Homework 4: Command line

Update: answers posted below each problem.

Due: Thursday October 11, 11:59PM.

To submit: Send an email to me at jal2016@email.vccs.edu with subject CSC 110 HW4 with your work attached in a zip file.

For this homework assignment, you'll be creating several text files by using command line utilities. In addition, create another text file called csc110-hw4.txt to contain answers to other questions.

  1. Browse this command line reference site, and select three commands you'd like to try out. (Read the descriptions to make sure that they don't do anything destructive to your computer). You can also type help at the command line for a summary of some of the available commands. For each command, execute the command and redirect the output to a file called command-name.txt (except replace command-name with the actual name of the command you choose).

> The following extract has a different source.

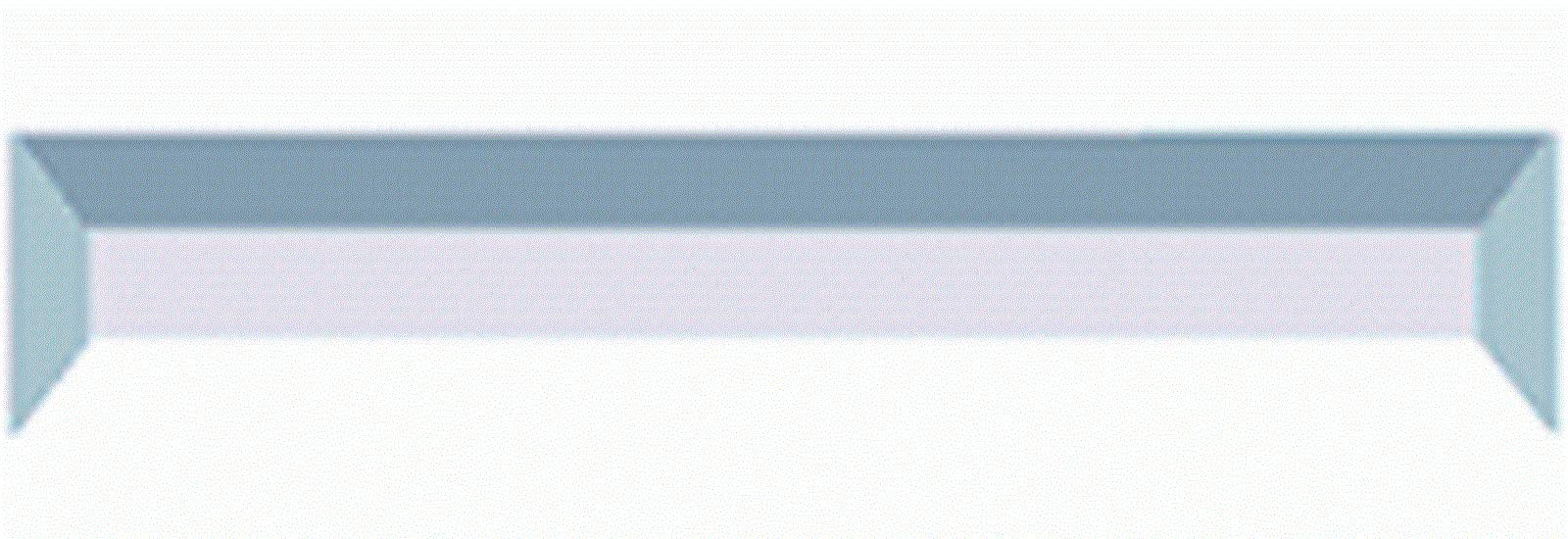 1.5 x 8 Inch Clear Glass Rectangle Bevels Pack of 5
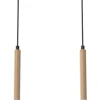 Lampa Wisząca MUZA Biały Brązowy Metalowy Klosz 2xE27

    For example, if I chose the dir command, I would execute dir > dir.txt. You should choose commands we have not already used in class.

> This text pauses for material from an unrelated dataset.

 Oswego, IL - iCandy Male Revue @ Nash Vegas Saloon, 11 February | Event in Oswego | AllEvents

    Submit the two files you create as part of your homework zip file. In addition, in your homework answers file, briefly describe each command and explain why they're useful.

    Sample answer:

    The for command is used to execute another command repeatedly. It has lots of complicated options, but here are two simple cases:

    • Used with the /L flag, the command will cycle through a list of numbers. The following example cycles through the numbers from 1 to 5 and executes the command echo %G (appending the output to for.txt) for each number (with %G replaced by the number):

      C:\Users\jlepak>for /L %G IN (1,1,5) do echo %G >> for.txt
      
      C:\Users\jlepak>echo 1  1>>for.txt
      
      C:\Users\jlepak>echo 2  1>>for.txt
      
      C:\Users\jlepak>echo 3  1>>for.txt
      
      C:\Users\jlepak>echo 4  1>>for.txt
      
      C:\Users\jlepak>echo 5  1>>for.txt
      
      C:\Users\jlepak>type for.xt
      The system cannot find the file specified.
      
      C:\Users\jlepak>type for.txt
      1
      2
      3
      4
      5
      

      Note that all 5 lines that look like C:Usersjlepak>echo N  1>>for.txt are printed automatically after executing the for command. This printing can be disabled by specifying @echo off before running the command.

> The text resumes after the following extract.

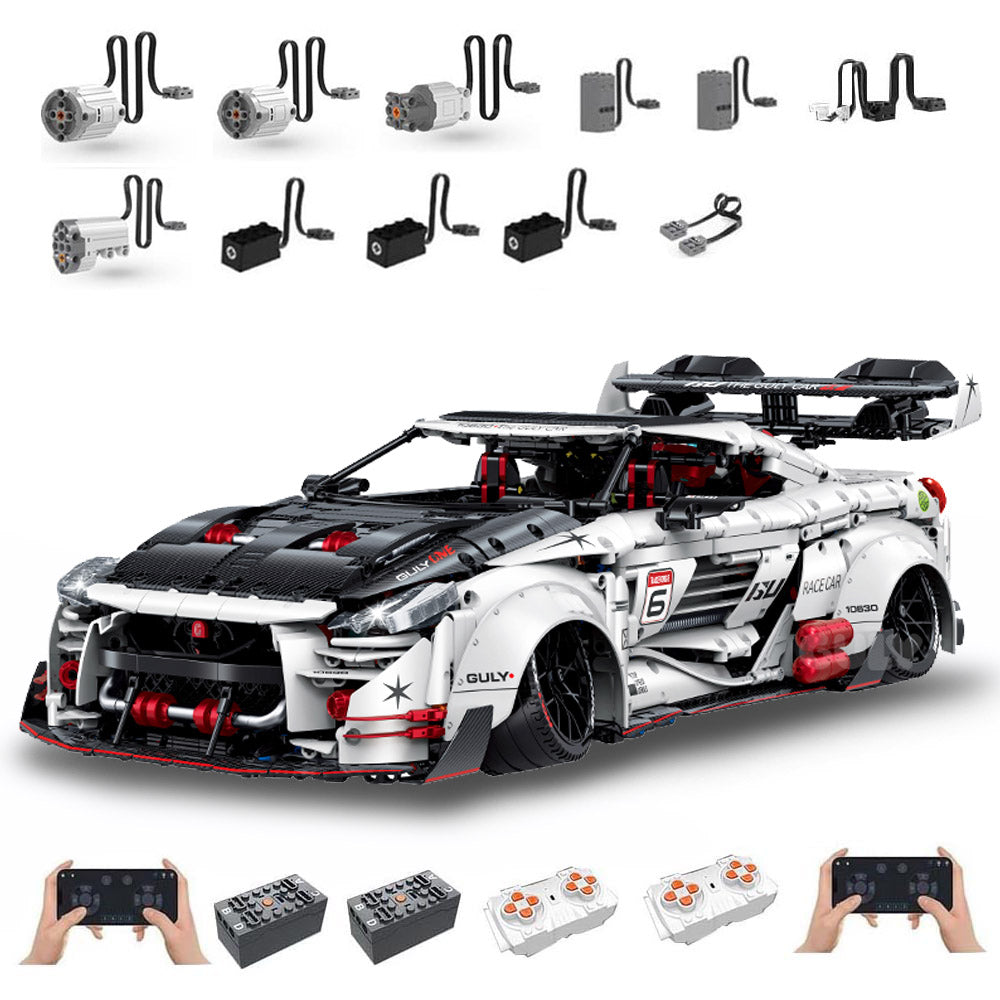 Technik Auto 1: 8 für Skyline GT-R Supercar, Groß Auto mit Motoren Set, Technik Auto ModeII Bausatz, 3939 TeiIe MOC Superauto ModeII, für Skyline GT-R Technik Auto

    • Used without any extra flags, it will cycle through all files listed by a glob pattern. The following sequence of commands shows a way to rename all files in your working directory by adding a prefix ("new-" in this case) to the filename. The example directory contains files named x1, x2, and x3 initially:

      C:\Users\jlepak\tmp\test>dir /b
      x1
      x2
      x3
      
      C:\Users\jlepak\tmp\test>for %f in (*) do move %f new-%f
      
      C:\Users\jlepak\tmp\test>move x1 new-x1
              1 file(s) moved.
      
      C:\Users\jlepak\tmp\test>move x2 new-x2
              1 file(s) moved.
      
      C:\Users\jlepak\tmp\test>move x3 new-x3
              1 file(s) moved.
      
      C:\Users\jlepak\tmp\test>dir /b
      new-x1
      new-x2
      new-x3
      
  2. Run the following commands:

    set a=50
    set b=25
    set ab=%a% + %b%
    set /a c=%a% + %b%
    
    • After running those commands, what is the output of the following commands?

      echo c = %c%
      echo ab = %ab%
      

      Answers:

      C:\Users\jlepak>set a=50
      
      C:\Users\jlepak>set b=25
      
      C:\Users\jlepak>set ab=%a% + %b%
      
      C:\Users\jlepak>set /a c=%a% + %b%
      75
      C:\Users\jlepak>echo c = %c%
      c = 75
      
      C:\Users\jlepak>echo ab = %ab%
      ab = 50 + 25
      
    • What are the commands you'd run to execute the following?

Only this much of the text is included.